Tale giurisprudenza ha esplicitamente ribadito la necessità che l'accertamento della responsabilità dell'ente segua un percorso di natura sostanziale che valuti l'esistenza in concreto di una colpa di organizzazione rispetto alla quale il reato che è stato commesso si ponga in stretto ed univoco rapporto di derivazione causale.

Peraltro, ai fini della configurabilità della responsabilità da reato degli enti non sono sufficienti la mancanza o inidoneità degli specifici modelli di organizzazione o la loro inefficacia attuazione. È infatti necessaria la dimostrazione della colpa di organizzazione che caratterizza la tipicità dell'illecito amministrativo e che è distinta dalla colpa degli autori del reato (Cassazione n. 18413/2022).

Inoltre, la struttura dell'illecito addebitato all'ente esclude che possa essere attribuito all'impresa un reato commesso sì da soggetto incardinato nell'organizzazione ma per fini estranei agli scopi di questa.

L'ente risponde per fatto proprio e deve essere verificata una sua colpa di organizzazione, dimostrandosi che non sono stati predisposti accorgimenti preventivi idonei a evitare la commissione di reati del tipo di quello realizzato.

Le conclusioni della Suprema corte

Nel caso in esame, al di là della mancata previsione specifica nel DVI, il modello organizzativo esisteva ed era individuato in specifici documenti resi noti al personale.

Tale modella era comunque atto a prevenire il tipo di rischio poi concretizzatosi a seguito delle estemporanea iniziativa del operator manager.

Da qui l'annullamento, senza rinvio, della sentenza impugnata nei confronti della società: l'illecito amministrativo contestato non sussisteva.

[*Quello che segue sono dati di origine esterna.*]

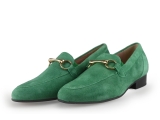 Linea Zeta Loafers 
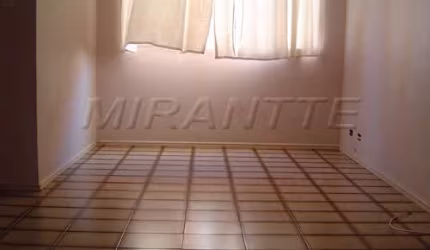 Apartamento de 67m² com 2 quartos em Vila Nova Parada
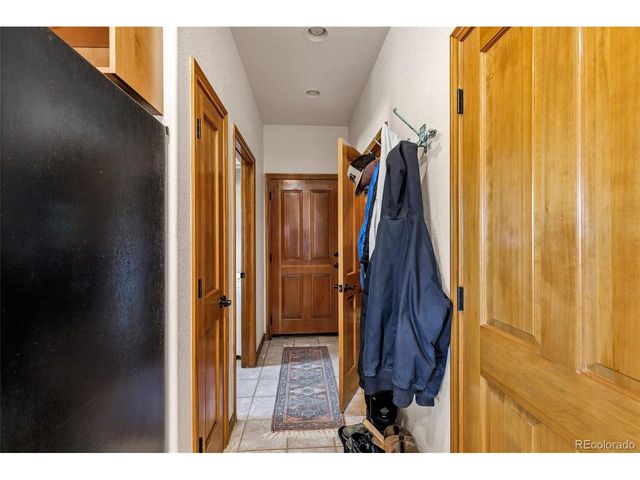 3463 Willownook Ranch Trl, Elizabeth, CO 80107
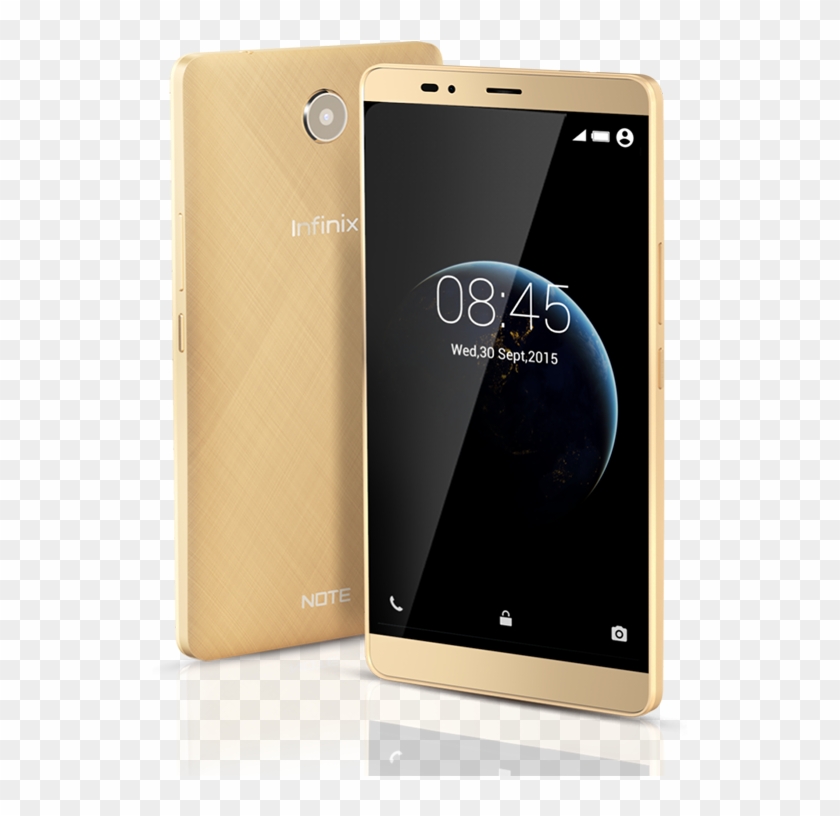 Infinix Note 2 X600 Infinix Hot 4 Price In Pakistan HD Png Download infinix-note-2-x600-infinix-hot-4-price-in-pakistan-hd-png-download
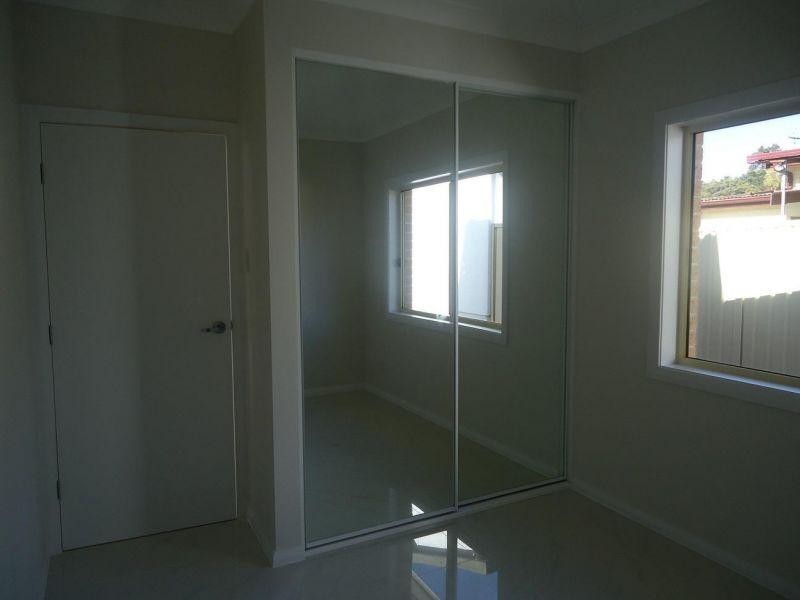 169a Wentworth Avenue, Wentworthville NSW 2145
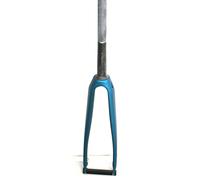 Forcella Rigida Attain Carbonio Cube C:62 Guaina Indoor, Disco, Rilascio Veloce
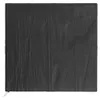 Plachty na zahradní židle 2 ks 8 oček 65 x 65 x 110/150 cm Náhled obrázku produktu 4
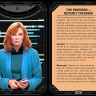 Star Trek: The Next Generation Tarot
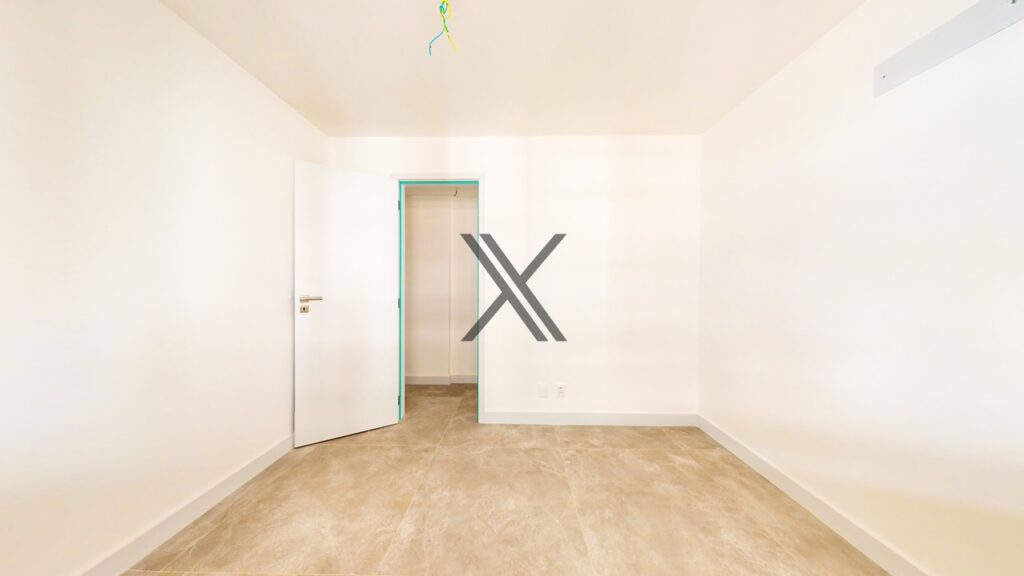 2 quartos com varanda no leblon rio de janeiro rj 11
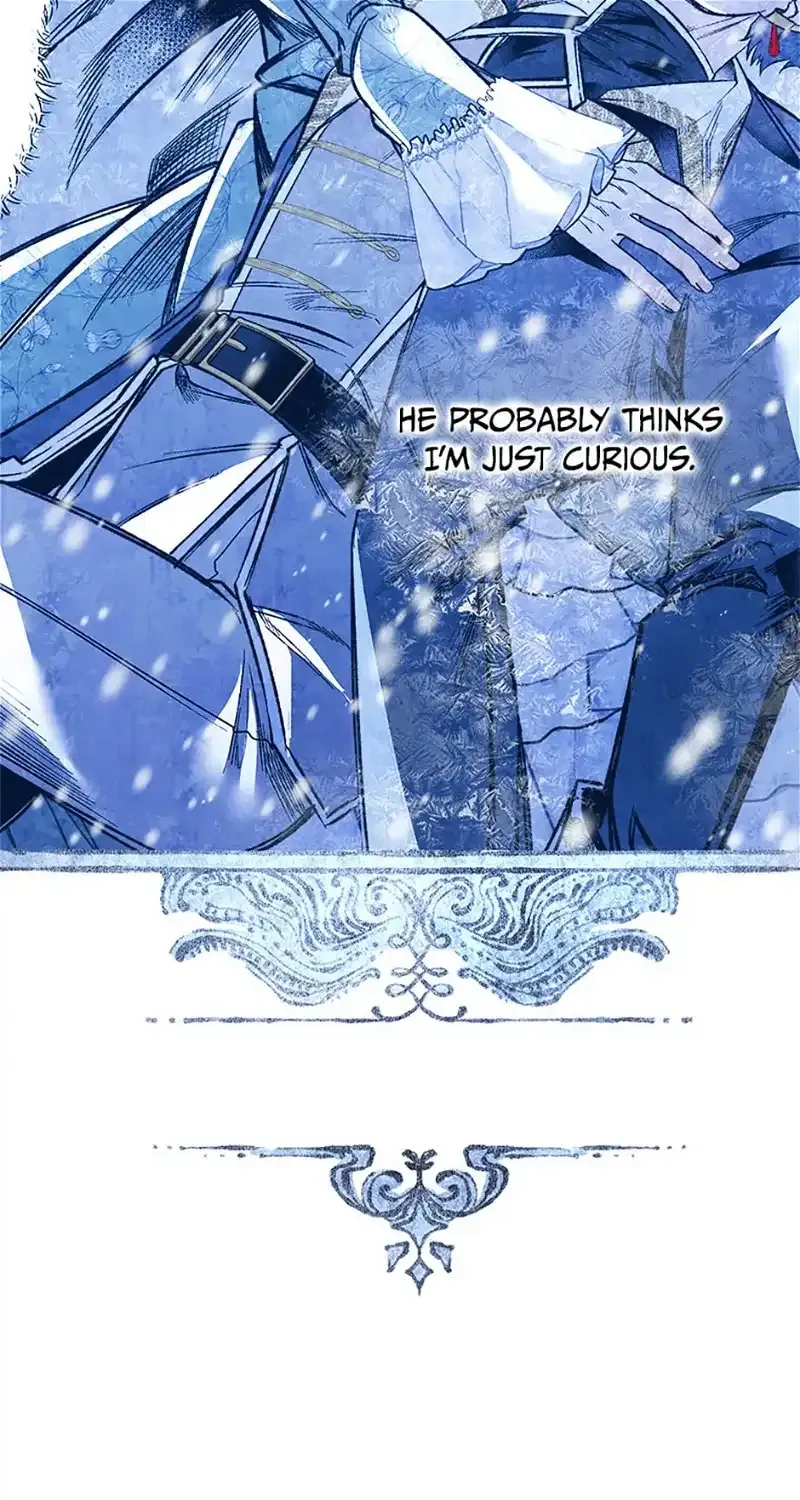 Charlotte’s Wheel Kainu Manga Chapter 14 Page 71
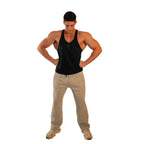 Ironback Tank - Elites Aera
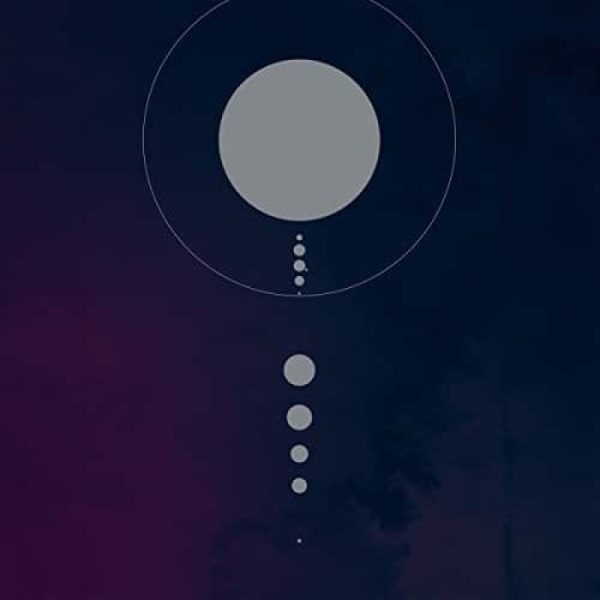 TESSERACT - SONDER (2CD)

Tabella di sintesi della decisione

Sintesi del Caso Due tecnici di una società operante in Libia sono stati rapiti e successivamente deceduti. L'operation manager aveva deciso di organizzare un viaggio via terra contrariamente alle prescrizioni aziendali che richiedevano l'uso del trasporto via mare per evitare rischi di rapimenti.
Questione Dibattuta La questione riguardava la responsabilità amministrativa della società ai sensi del Decreto Legislativo n. 231/2001, considerando il comportamento dell'operation manager che non aveva seguito le prescrizioni, senza un vantaggio significativo per la società.
Soluzione della Corte di Cassazione La Corte di Cassazione ha stabilito che la società non è responsabile poiché aveva adottato un modello organizzativo idoneo a prevenire il rischio di rapimenti. Il comportamento dell'operation manager, che ha agito di propria iniziativa e per un vantaggio non significativo per la società, non può essere attribuito alla responsabilità dell'ente. Pertanto, la Corte ha annullato senza rinvio la sentenza della Corte d'appello, escludendo la responsabilità ex 231 della società.